» **What the task requires**
Each line from the one bearing "2nd image of" through the last line of the entries below should be returned exactly, with pictures left out.

» **Dataset excerpts**
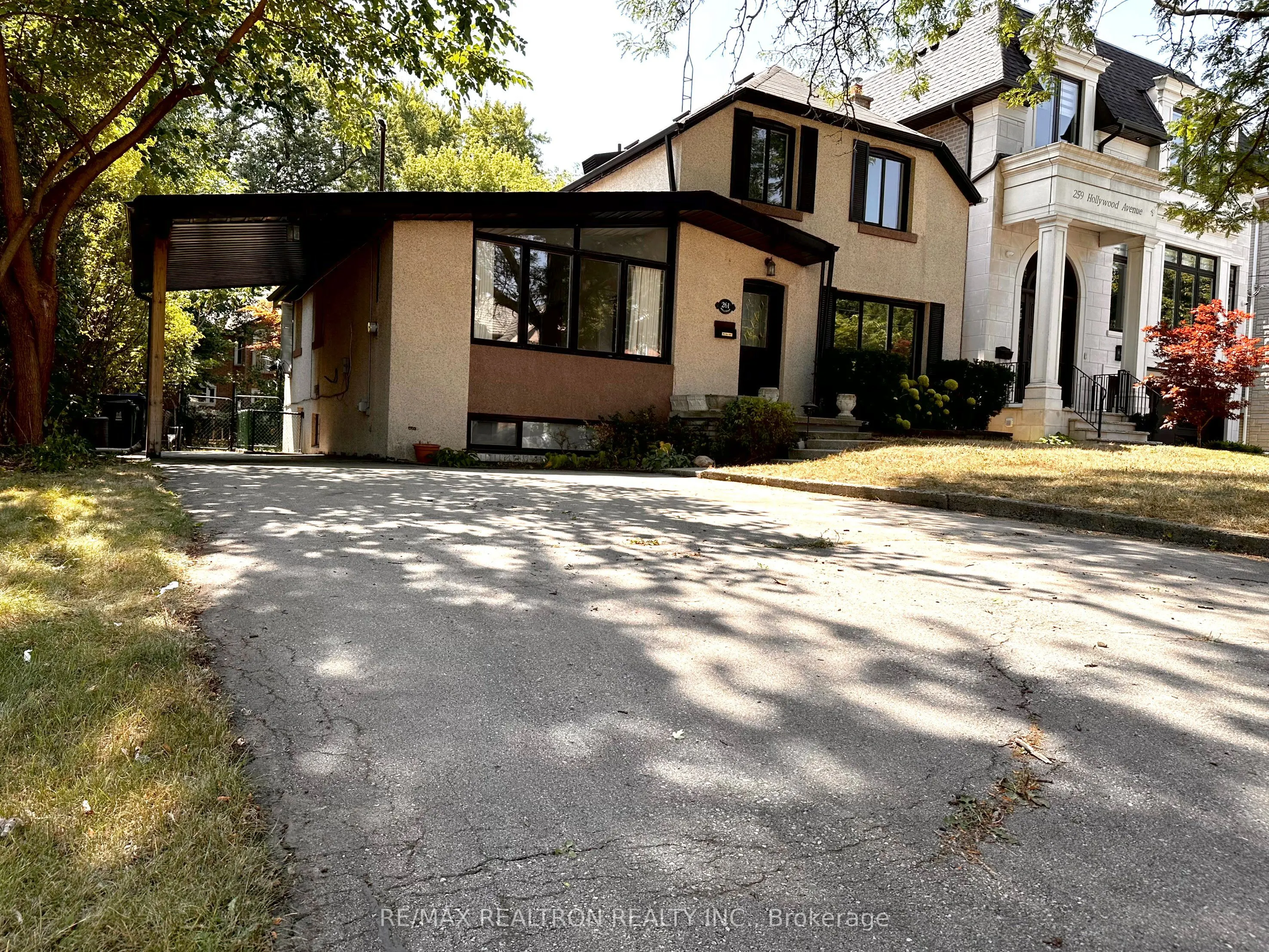 261 Hollywood Avenue
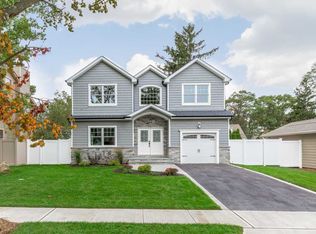 33 Raynham Dr, Syosset, NY 11791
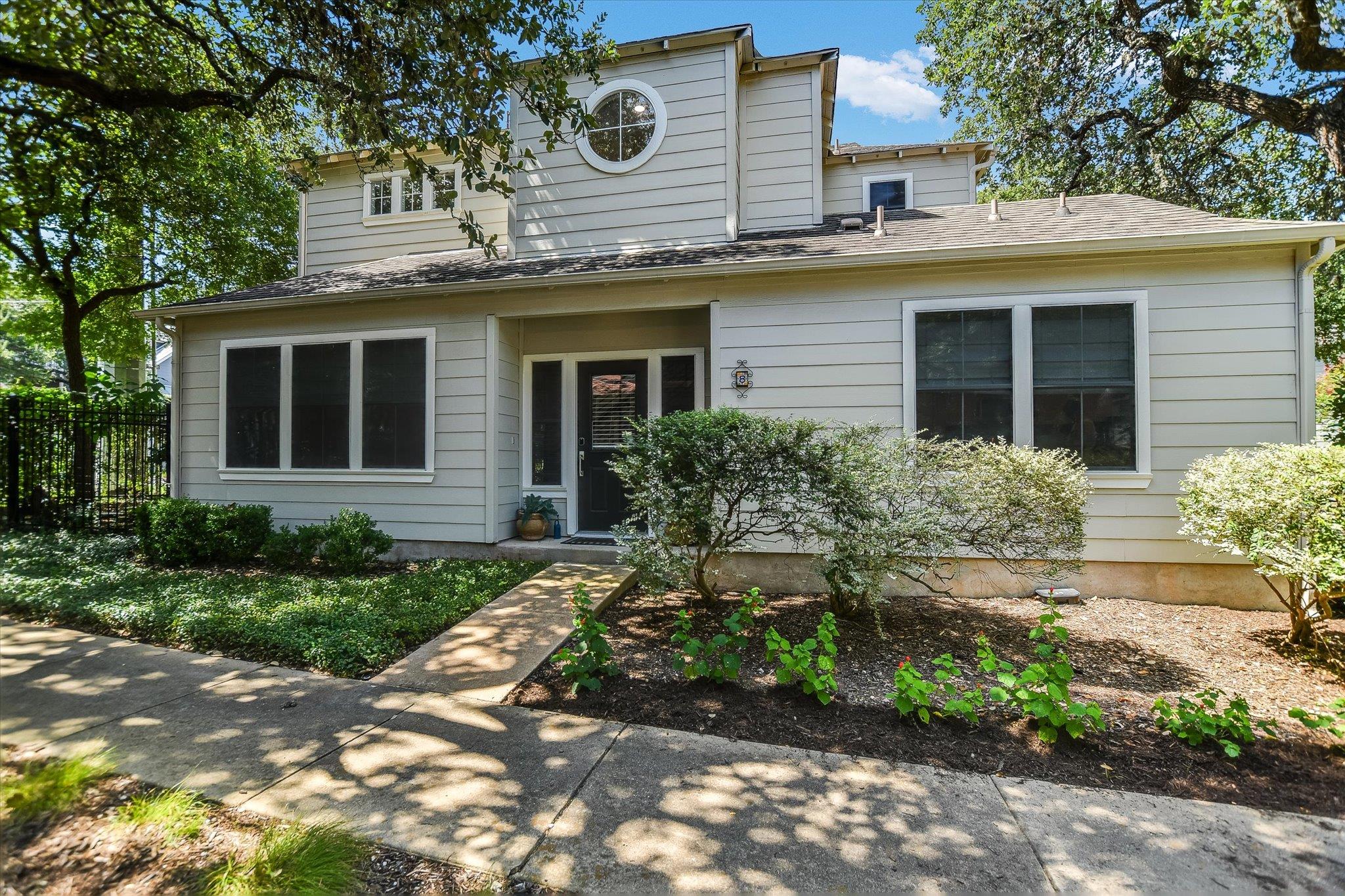 2nd image of 1011 Brodie St #8, Austin, TX 78704 | MLS# 5675570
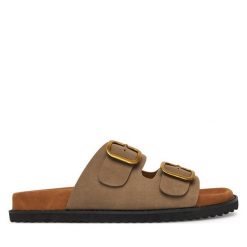 Klapki DeeZee. Brązowe klapki DeeZee, bez wzorów, bez obcasa. Za 139.99 zł.
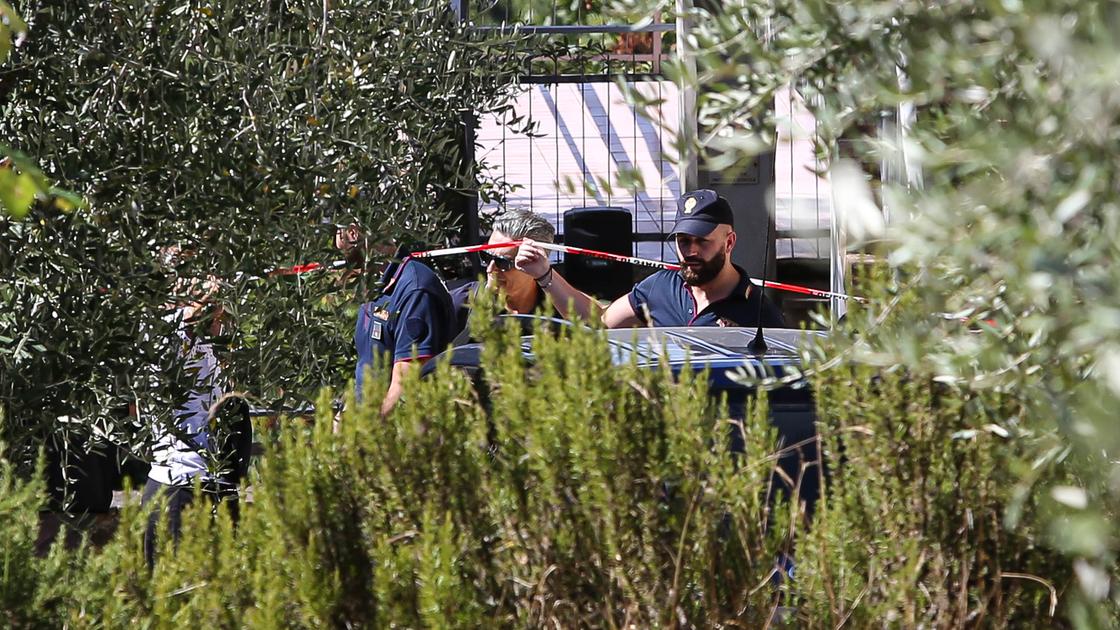 Padre, madre e figlia trovati morti. Comunità sotto choc: “Abbiamo sentito gli spari”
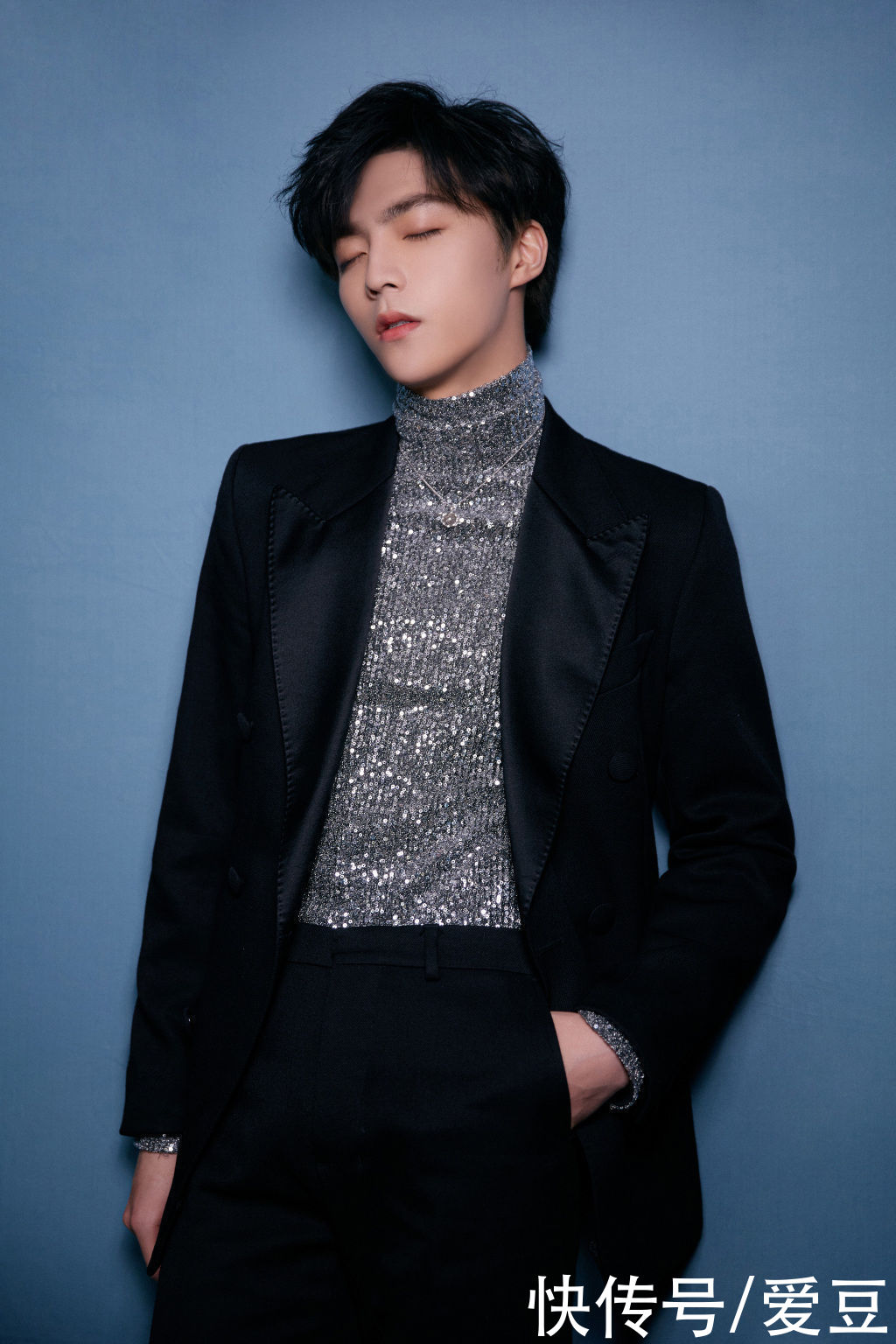 210130 陈立农亮相颁奖晚会演唱《年少无邪》四项提名中荣获“最受欢迎新人”奖项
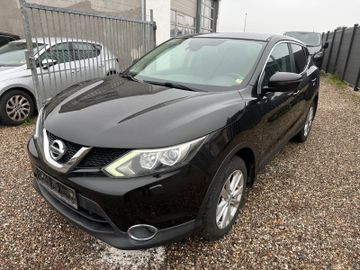 Nissan Qashqai - 1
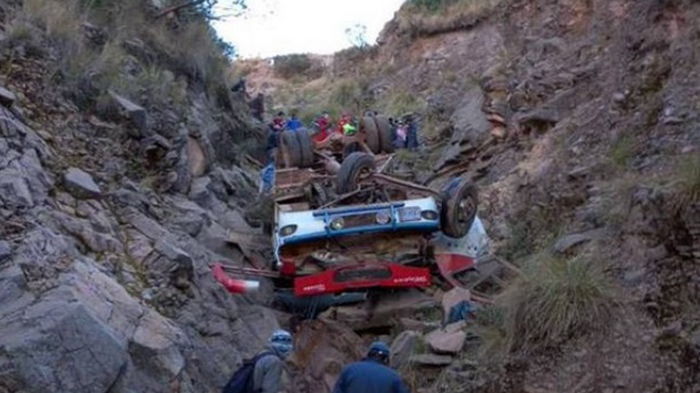 В Боливии автобус сорвался со 150-метровой высоты, десятки жертв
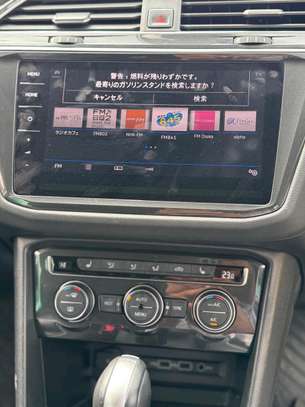 Volkswagen Tiguan white image 9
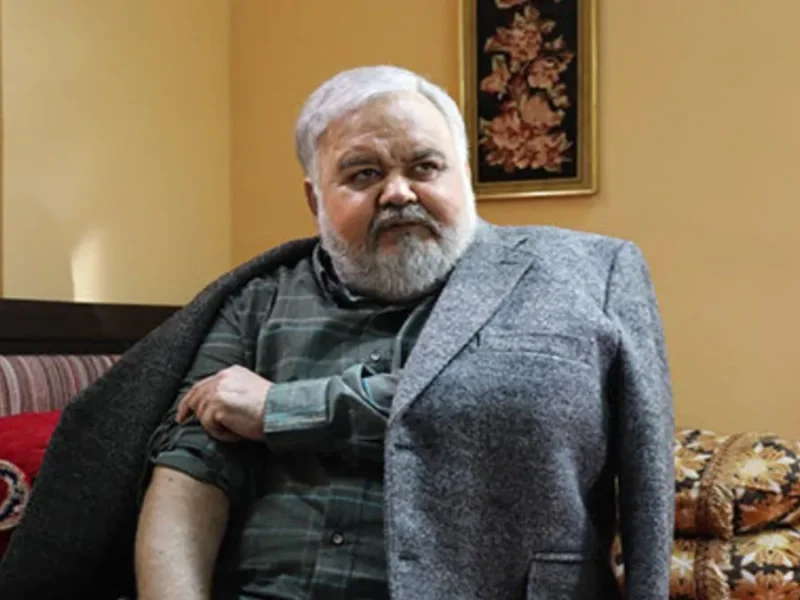 از دور دورهای "اکبر عبدی" همراه همسرش با موتور که سوژه کاربران شده
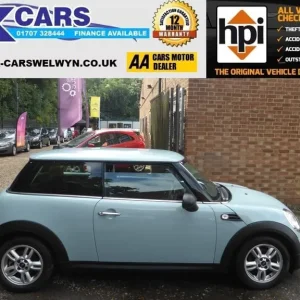 2013 MINI Hatch 1.6 Petrol Manual 3-Door with Alloy Wheels and Bluetooth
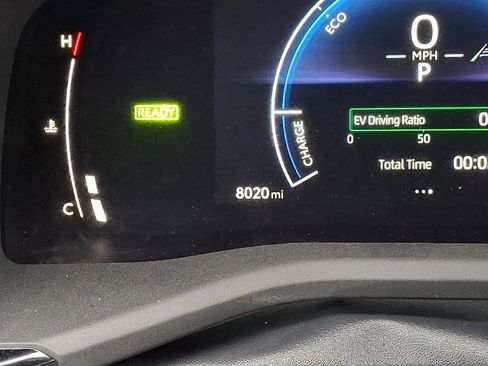 Used 2026 Toyota Camry SE image 19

» **Response area**
 2nd image of 1011 Brodie St #8, Austin, TX 78704 | MLS# 5675570
 Klapki DeeZee. Brązowe klapki DeeZee, bez wzorów, bez obcasa. Za 139.99 zł.
 Padre, madre e figlia trovati morti. Comunità sotto choc: “Abbiamo sentito gli spari”
 210130 陈立农亮相颁奖晚会演唱《年少无邪》四项提名中荣获“最受欢迎新人”奖项
 Nissan Qashqai - 1
 В Боливии автобус сорвался со 150-метровой высоты, десятки жертв
 Volkswagen Tiguan white image 9
 از دور دورهای "اکبر عبدی" همراه همسرش با موتور که سوژه کاربران شده
 2013 MINI Hatch 1.6 Petrol Manual 3-Door with Alloy Wheels and Bluetooth
 Used 2026 Toyota Camry SE image 19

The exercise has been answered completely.